======== Input ========
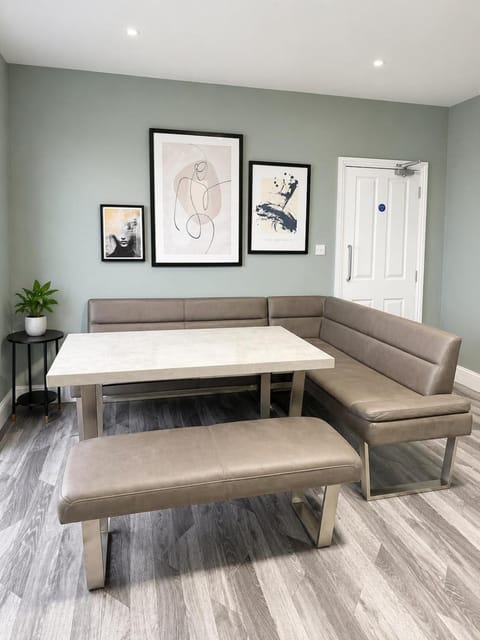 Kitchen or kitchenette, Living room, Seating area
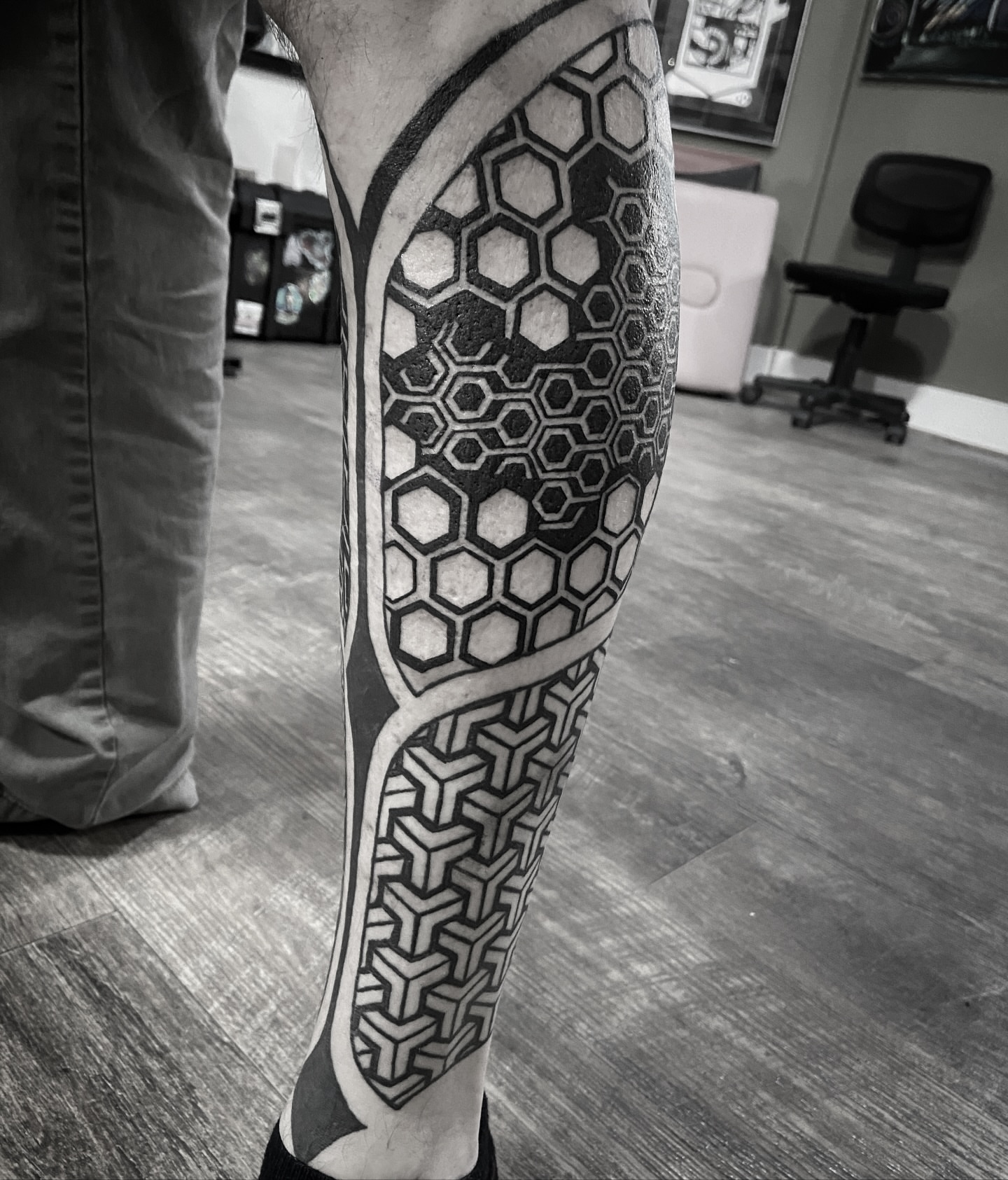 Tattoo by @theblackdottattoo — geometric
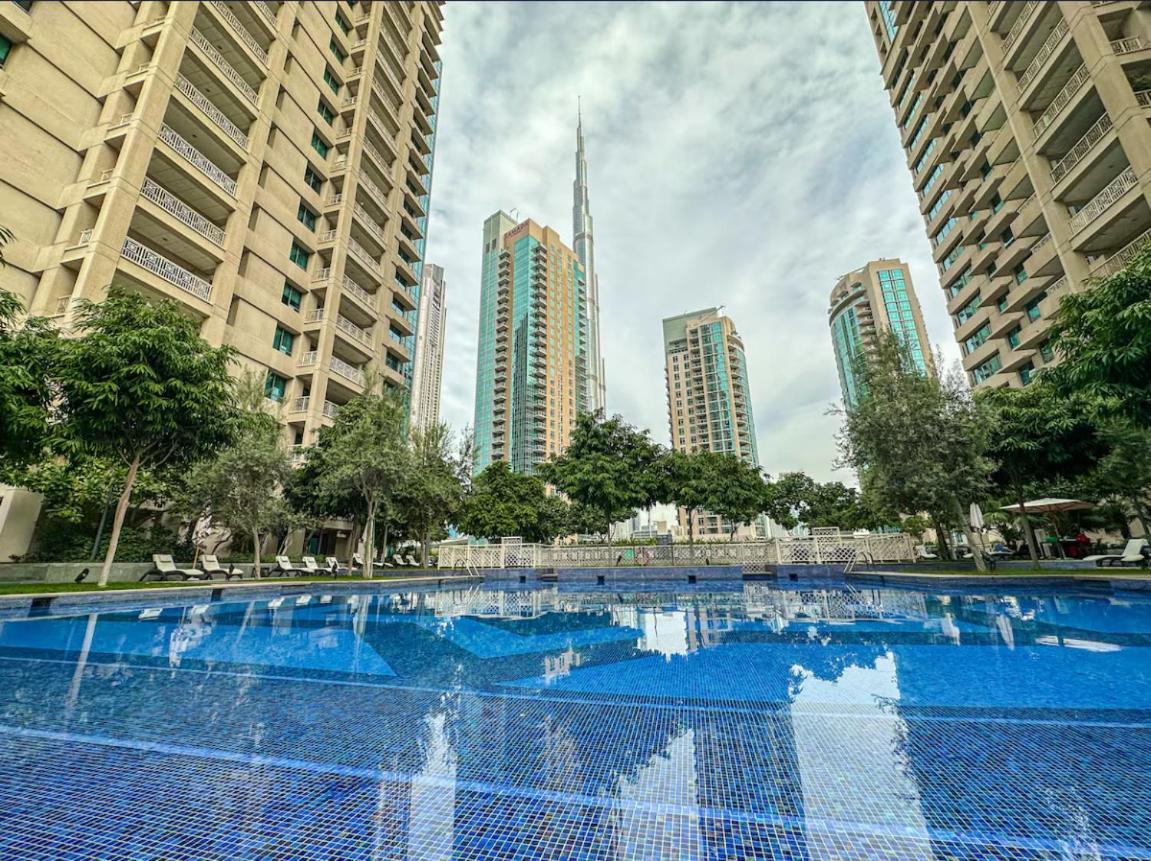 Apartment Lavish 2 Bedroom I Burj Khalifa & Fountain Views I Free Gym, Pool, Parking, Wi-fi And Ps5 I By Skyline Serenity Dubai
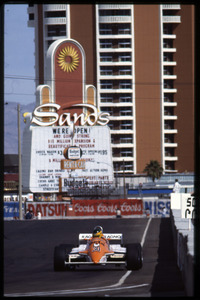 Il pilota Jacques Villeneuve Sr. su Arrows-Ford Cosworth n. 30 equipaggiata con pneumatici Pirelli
========
======== Input ========
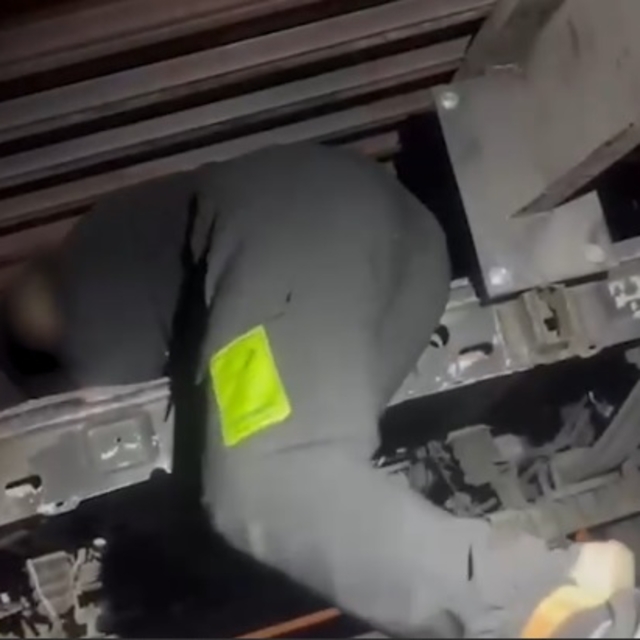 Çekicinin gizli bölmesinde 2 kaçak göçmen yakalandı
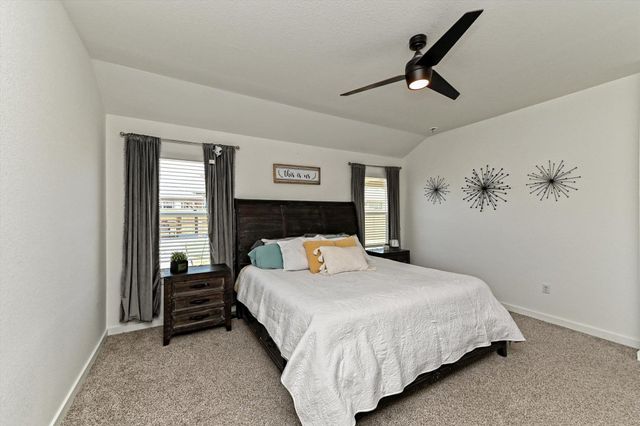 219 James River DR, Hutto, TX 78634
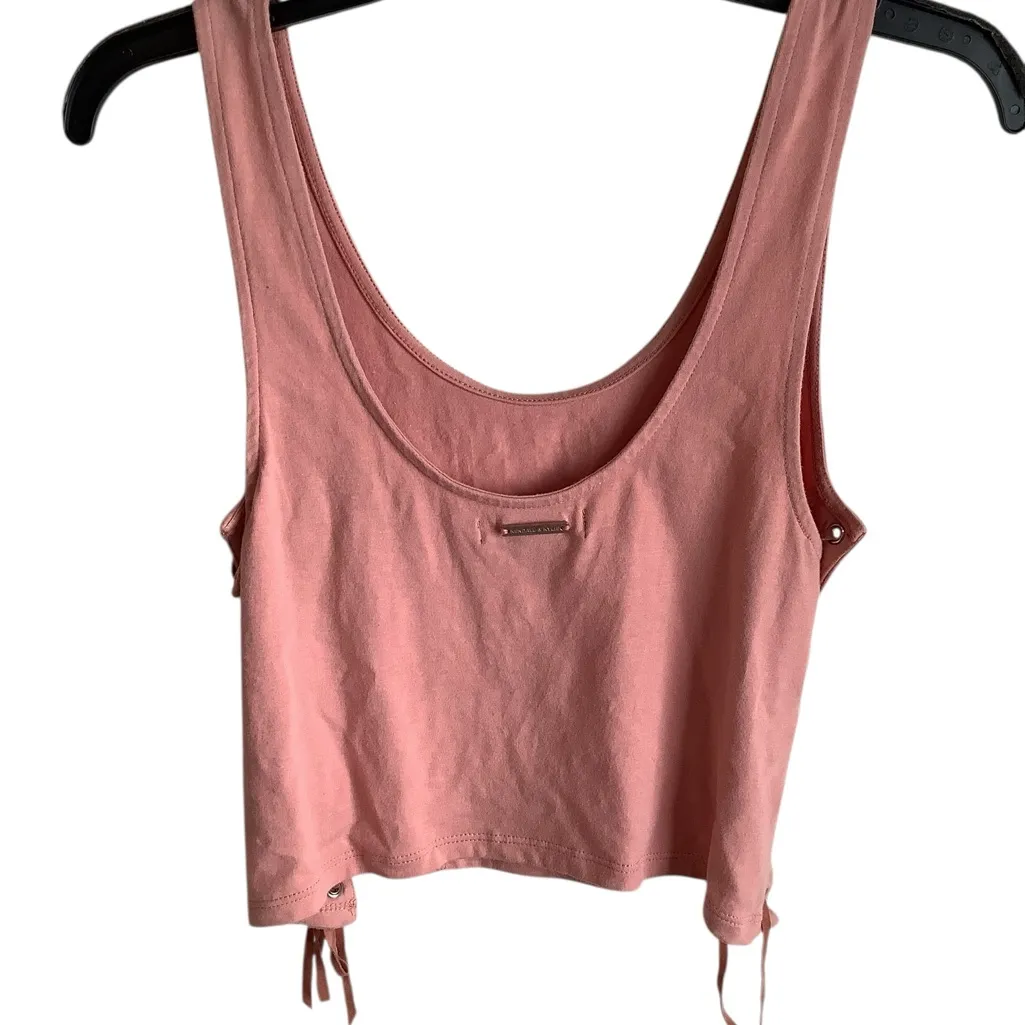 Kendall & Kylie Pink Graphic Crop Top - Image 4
========
======== Input ========
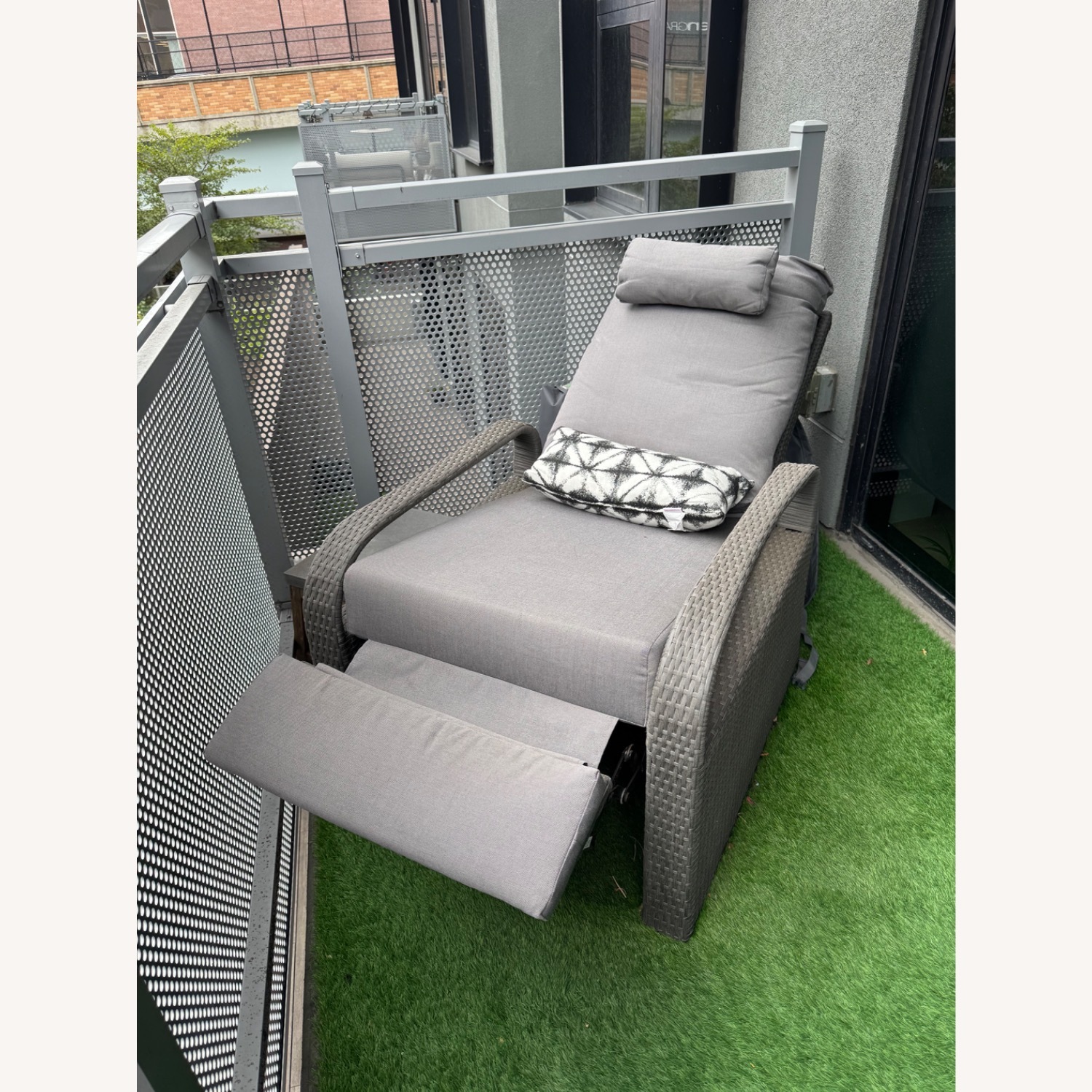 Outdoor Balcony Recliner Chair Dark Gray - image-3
========
▶ [What you are asked to do]: The lines to reproduce run from the one above containing "Kitchen or kitchenette, Living" through the one containing "Il pilota Jacques". Copy them exactly and leave out all pictures.

▶ [Output for this exercise]:
 Kitchen or kitchenette, Living room, Seating area
 Tattoo by @theblackdottattoo — geometric
 Apartment Lavish 2 Bedroom I Burj Khalifa & Fountain Views I Free Gym, Pool, Parking, Wi-fi And Ps5 I By Skyline Serenity Dubai
 Il pilota Jacques Villeneuve Sr. su Arrows-Ford Cosworth n. 30 equipaggiata con pneumatici Pirelli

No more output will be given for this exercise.